FIGURE 1 illustrates perspective views of a continuous multi-layer tubular braided textile structure configured for formation of a footwear upper. The structure is formed as a single patterned textile tube comprising an inner structural support layer region (102), an intermediate tension-distribution pathway region (103), and an outer plantar interface layer region (104), all integrated within a continuous tubular braided textile structure (101). The figure further illustrates a tubular formation boundary (106) defining the continuous perimeter of the textile tube and zonally varied density regions (107) configured to provide localized variation in flexibility, support, and load-transfer behavior across the structure. The illustrated regions demonstrate how multiple functional layers and tension pathways may be formed simultaneously within a single braided architecture to create a unified load-sharing textile shell without requiring stitching, lamination, overlays, or separate strobel components.
FIGURE 2 illustrates a cross-sectional view of the multi-layer tubular braided footwear structure showing integrated lace-tension transmission pathways extending through and between an inner conformal support layer (201), an intermediate tension-distribution layer (202), and an outer plantar interface layer (203). Unlike conventional footwear constructions in which lace forces are applied only to localized stitched eyelet rows, the illustrated lace pathways are formed directly within the textile architecture and extend through shared filament linkage regions (205) connecting the layered structure.
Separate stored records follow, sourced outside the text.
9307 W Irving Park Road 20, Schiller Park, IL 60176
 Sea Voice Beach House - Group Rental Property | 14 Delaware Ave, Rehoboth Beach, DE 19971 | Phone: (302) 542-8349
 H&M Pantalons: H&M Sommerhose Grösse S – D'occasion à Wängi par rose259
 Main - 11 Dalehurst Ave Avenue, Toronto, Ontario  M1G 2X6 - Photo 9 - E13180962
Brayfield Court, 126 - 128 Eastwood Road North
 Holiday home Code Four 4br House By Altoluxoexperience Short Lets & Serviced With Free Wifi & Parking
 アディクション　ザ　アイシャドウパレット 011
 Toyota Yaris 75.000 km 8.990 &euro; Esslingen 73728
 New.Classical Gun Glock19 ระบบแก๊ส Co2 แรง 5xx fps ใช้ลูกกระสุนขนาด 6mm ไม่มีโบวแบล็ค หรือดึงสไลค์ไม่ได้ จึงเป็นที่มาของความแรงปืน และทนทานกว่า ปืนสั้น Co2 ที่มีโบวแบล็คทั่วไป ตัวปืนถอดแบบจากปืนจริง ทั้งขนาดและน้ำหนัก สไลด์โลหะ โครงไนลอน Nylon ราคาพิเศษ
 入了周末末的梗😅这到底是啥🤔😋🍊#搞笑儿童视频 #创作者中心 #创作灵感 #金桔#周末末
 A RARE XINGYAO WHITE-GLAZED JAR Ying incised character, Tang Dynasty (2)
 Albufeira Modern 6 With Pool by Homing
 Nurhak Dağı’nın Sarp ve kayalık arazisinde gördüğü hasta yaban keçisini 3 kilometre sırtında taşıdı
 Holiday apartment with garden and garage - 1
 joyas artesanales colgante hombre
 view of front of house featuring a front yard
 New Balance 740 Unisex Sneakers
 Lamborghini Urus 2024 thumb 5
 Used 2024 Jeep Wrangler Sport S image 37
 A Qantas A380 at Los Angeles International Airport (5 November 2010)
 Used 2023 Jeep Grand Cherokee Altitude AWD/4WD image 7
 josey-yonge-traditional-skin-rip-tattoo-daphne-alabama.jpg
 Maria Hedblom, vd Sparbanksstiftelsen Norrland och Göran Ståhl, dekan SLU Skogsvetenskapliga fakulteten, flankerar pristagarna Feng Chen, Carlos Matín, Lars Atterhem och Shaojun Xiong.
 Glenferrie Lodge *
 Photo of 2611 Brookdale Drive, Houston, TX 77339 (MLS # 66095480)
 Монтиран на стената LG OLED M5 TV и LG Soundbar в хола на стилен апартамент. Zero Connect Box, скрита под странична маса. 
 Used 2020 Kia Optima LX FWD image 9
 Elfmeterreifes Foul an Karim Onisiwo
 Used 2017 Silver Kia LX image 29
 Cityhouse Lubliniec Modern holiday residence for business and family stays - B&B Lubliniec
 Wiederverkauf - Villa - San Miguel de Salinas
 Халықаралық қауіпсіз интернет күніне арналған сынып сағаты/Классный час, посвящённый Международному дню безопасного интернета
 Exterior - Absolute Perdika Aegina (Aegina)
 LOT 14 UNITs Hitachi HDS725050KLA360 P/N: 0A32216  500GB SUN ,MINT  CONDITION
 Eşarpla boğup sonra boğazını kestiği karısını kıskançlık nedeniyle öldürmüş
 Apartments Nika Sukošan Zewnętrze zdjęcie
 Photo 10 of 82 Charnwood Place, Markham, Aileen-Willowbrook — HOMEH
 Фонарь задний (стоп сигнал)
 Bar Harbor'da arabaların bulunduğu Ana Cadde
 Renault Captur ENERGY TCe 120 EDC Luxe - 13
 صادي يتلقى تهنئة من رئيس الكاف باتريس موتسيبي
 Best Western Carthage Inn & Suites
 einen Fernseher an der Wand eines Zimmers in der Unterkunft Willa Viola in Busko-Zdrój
In operation, tension applied to the integrated lace pathways is distributed across the intermediate tension-distribution layer and transferred through interlayer filament linkage nodes into the inner conformal support layer to stabilize the foot while simultaneously transmitting load into the outer plantar interface layer to engage the underside structure of the footwear shell. This multi-layer tension transmission arrangement enables closure forces to be distributed across medial, lateral, dorsal, and plantar regions of the tubular structure rather than concentrated along discrete attachment points. The integrated lace pathways therefore function as structural reinforcement elements embedded within the textile architecture rather than as external closure components.
FIGURE 3 illustrates formation of a footwear structure from a continuous multi-layer tubular textile in which an inner conformal support layer and an intermediate tension-distribution layer are inverted to define a foot-receiving enclosure while an outer plantar interface layer is extended beneath and around the underside of the structure to form a wrap-around sole region. In particular, the inner conformal layer is inverted to establish an anatomically conforming foot-engagement surface, and the intermediate tension-distribution layer is correspondingly repositioned to define integrated closure-force transmission pathways extending across medial, lateral, and plantar regions of the textile shell. The outer plantar interface layer is then wrapped beneath the inverted layers to form a continuous wrap-around sole structure. In some embodiments, the wrap-around plantar interface layer may be consolidated using a polymeric, elastomeric, foam, or bio-derived matrix material to form an integrated composite sole region while maintaining filament continuity with the upper structure. This arrangement produces a unified load-sharing footwear shell without requiring attachment of a separate strobel board, midsole carrier, or laminated outsole component.